Data section:

* * * * * * * * *

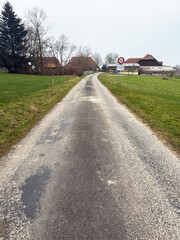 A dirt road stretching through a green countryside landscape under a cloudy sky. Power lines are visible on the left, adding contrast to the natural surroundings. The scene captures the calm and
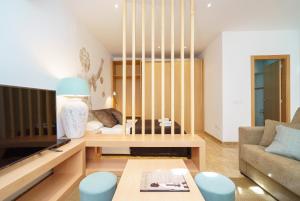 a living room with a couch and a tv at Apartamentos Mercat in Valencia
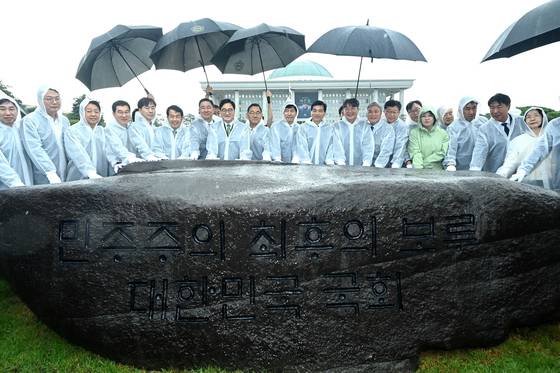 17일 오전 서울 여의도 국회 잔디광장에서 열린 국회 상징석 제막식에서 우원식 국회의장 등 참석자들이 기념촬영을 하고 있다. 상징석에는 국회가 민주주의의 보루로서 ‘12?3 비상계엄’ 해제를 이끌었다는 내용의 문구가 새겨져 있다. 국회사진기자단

* * * * * * * * *

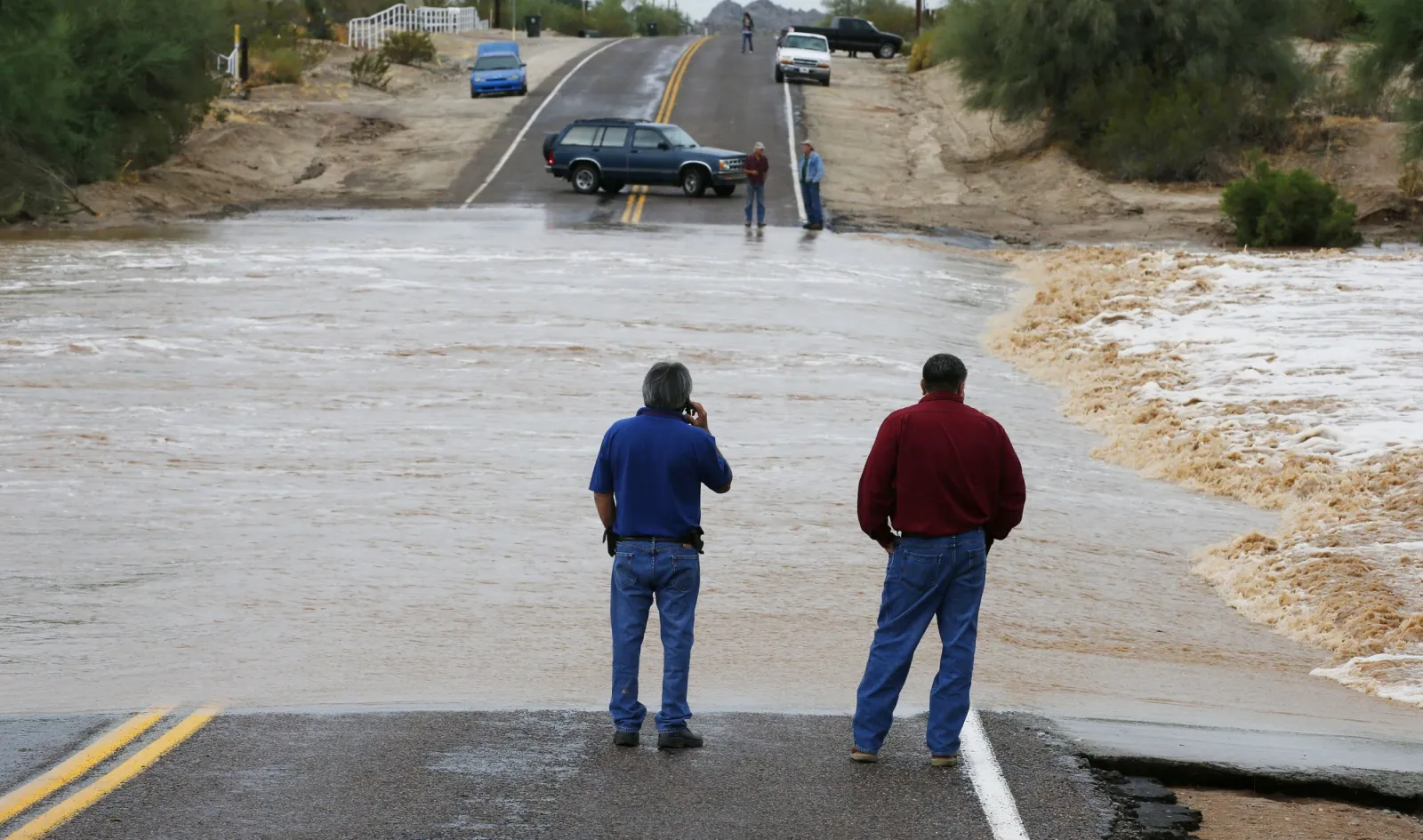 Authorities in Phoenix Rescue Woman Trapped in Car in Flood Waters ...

* * * * * * * * *

What the task asks:
Word for word, repeat the lines above from the one with "A dirt road" through the one with "a living room", and nothing beyond them. Omit the pictures.

Written response:
 A dirt road stretching through a green countryside landscape under a cloudy sky. Power lines are visible on the left, adding contrast to the natural surroundings. The scene captures the calm and
 a living room with a couch and a tv at Apartamentos Mercat in Valencia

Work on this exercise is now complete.